The North is much worse than East Germany. South Korea is prosperous and growing. They saw the lost economic decade after German unification. As it is, having a threat has allowed and enabled them to build a first rate military aerospace industry. I doubt China wants to pay the bills to clean up the more than likely many superfund sites in the North where the CBRN weapons are/were made.

John M.

“Never legitimate, it’s an inbred, decaying monarchy in a world that left monarchies behind (or boiled them down into tourist attractions) a century or more ago.”

“Legitimacy” of governments is a silly argument. Kim rules North Korea: this is a fact and needs to be dealt with as such.

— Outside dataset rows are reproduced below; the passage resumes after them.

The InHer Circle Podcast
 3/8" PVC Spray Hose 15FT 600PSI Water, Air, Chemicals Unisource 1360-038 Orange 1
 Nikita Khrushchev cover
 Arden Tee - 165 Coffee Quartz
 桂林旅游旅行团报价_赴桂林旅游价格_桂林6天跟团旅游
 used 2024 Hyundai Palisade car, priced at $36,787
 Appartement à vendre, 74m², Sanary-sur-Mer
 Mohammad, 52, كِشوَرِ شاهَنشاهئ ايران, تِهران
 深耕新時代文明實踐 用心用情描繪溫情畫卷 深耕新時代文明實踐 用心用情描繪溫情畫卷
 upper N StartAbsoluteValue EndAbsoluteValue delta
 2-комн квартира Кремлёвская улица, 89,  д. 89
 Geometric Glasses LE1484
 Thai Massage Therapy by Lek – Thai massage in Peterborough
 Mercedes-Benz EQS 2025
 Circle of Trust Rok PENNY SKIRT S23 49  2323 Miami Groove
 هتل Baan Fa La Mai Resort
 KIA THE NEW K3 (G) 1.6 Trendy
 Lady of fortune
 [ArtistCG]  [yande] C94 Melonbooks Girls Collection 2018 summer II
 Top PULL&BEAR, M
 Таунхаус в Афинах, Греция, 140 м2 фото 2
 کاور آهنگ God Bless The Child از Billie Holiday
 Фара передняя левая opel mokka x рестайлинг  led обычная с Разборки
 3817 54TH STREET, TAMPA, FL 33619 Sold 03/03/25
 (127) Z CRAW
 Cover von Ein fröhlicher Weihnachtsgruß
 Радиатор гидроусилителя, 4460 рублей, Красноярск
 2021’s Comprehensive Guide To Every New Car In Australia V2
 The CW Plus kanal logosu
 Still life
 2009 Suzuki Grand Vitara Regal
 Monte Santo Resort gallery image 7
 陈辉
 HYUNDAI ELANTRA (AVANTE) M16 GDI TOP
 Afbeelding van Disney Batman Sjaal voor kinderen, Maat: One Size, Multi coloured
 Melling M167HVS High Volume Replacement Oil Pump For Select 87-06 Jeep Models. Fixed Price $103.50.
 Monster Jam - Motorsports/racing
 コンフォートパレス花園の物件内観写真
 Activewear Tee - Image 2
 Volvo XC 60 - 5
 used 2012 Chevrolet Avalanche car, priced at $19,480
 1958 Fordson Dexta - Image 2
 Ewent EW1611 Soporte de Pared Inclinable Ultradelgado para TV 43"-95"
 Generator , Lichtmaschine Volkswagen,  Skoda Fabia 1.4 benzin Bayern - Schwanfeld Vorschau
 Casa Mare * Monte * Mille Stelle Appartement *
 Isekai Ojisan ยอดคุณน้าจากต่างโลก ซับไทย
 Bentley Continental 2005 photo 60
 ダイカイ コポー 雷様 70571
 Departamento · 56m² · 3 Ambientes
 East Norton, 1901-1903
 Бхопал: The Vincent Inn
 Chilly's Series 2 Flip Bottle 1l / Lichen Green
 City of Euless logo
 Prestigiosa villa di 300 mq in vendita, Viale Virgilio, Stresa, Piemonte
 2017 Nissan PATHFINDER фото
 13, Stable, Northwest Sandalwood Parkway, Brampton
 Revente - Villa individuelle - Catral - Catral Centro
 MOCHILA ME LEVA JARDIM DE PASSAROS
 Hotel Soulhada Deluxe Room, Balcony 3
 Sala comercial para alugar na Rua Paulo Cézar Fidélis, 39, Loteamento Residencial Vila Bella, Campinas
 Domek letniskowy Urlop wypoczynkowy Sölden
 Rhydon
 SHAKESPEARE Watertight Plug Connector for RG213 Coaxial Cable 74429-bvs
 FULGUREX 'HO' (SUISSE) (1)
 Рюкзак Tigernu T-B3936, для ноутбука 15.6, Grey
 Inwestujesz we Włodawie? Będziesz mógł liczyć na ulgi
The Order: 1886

And the world did not leave monarchies behind. Monaco is ruled better than France, Liechtenstein is ruled better than Austria, Saudi is ruled better than Iraq, Oman is ruled better than Yemen, Brunei is ruled better than Malaysia and Morocco is ruled better than Algeria.

Why is it so difficult to see what is as plain as the noses on everyone’s face, that monarchies govern better than democracies?

And in addition to that, North Korea is NOT a monarchy. Despite the fever dreams of our Founding Fathers, no monarch has ever treated his people as poorly as the Kims have treated theirs.

And to the premise of Bolton’s article, that the two Koreas will reunite, I remain unconvinced. Canada and the US have coexisted for as long as the US has existed. And at this point, I suspect that Anglo Canada shares a lot more of a common culture with the US than North Korea shares with South Korea.

It’s doubtful that the existing state of affairs will continue in NK indefinitely, mostly because it appears to be very fragile, but lots of things could happen there that don’t involve the two countries reuniting.

-John M.

Haxo Angmark

Bolton notwithstanding, there will be war. Vietnam, but much quicker, and with nukes involved.

staghounds

If Kim is a problem for us, we should kill him personally. North Korea is not worth a war to us.

If the Koreas want to unify, it’s their business. Let them work it out.